“Mary, old as I am, I still remember the delight I experienced when a little, rosy-cheeked urchin surreptitiously passed me around the corner of my desk at the old ‘Cross Roads School’ a ‘Secret,’ with the words, ‘Do you love me?’ My grandmother always kept a supply of hoarhound and peppermint lozenges in her knitting basket to give us children should we complain of hoarseness. My, but ’twas astonishing to hear us all cough until grandmother’s supply of mints was exhausted. I think. Mary, I must have had a ‘sweet tooth’ when a child, as my recollections seem to be principally about the candy kept in my grandfather’s store. I suppose in those early days of my childhood candy appealed to me more than anything else, as never having had a surfeit of sweets, candy to me was a rare treat. I remember, Mary, when a little child, my thrifty mother, wishing to encourage me to learn to knit my own stockings, she, when winding the skein of German yarn into a ball, occasionally wound a penny in with the yarn.
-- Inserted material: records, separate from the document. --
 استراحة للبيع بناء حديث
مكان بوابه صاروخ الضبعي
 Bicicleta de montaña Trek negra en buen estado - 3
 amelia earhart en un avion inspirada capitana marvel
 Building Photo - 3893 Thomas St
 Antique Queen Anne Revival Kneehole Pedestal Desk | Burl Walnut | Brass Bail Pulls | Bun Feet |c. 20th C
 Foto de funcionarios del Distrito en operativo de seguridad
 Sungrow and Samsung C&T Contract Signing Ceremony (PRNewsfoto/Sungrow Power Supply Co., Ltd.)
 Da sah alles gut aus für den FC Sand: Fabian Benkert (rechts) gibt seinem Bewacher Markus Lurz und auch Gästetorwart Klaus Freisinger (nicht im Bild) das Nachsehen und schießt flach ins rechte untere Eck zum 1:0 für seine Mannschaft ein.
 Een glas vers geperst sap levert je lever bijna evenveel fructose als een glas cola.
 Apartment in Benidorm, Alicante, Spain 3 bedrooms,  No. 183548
I was allowed to spend the penny only after I had knitted the yarn and the penny had fallen from the ball. What untold wealth that penny represented! And planning how to spend it was greater pleasure still. Many a pair of long old-fashioned, dark blue and red-striped stockings, were finished more quickly than otherwise would have been done without the promised reward. I became proficient in knitting at an early age,” continued Aunt Sarah; “a truly feminine occupation, and as I one time heard a wise old physician remark, ‘Soothing to the nerves,’ which I know to be true, having knitted many a worry into the heel of a sock. I learned at an early age the value of money, and once having acquired the saving habit, it is not possible to be wasteful in later life.”
CHAPTER XXV.
AN ELBADRITCHEL HUNT.
Fritz Schmidt, like many another Bucks County boy, had frequently heard the rural tale of a mythical bird called the “Elbadritchel,” supposed to be abroad, particularly on cold, dark, stormy nights, when the wind whistled and blew perfect gales around exposed corners of houses and barns. ’Twas a common saying among “Pennsylvania Germans,” at such times, “’Tis a fine night to catch ‘Elbadritchels.’”
[Illustration: CATCHING ELBADRITCHELS]
For the information of those who may not even have heard of this remarkable creature, it is described as being a cross between a swallow, a goose and a lyre bird. Have you ever seen an “Elbadritchel?” No one has to my certain knowledge, so I cannot vouch for the truth of this description of it.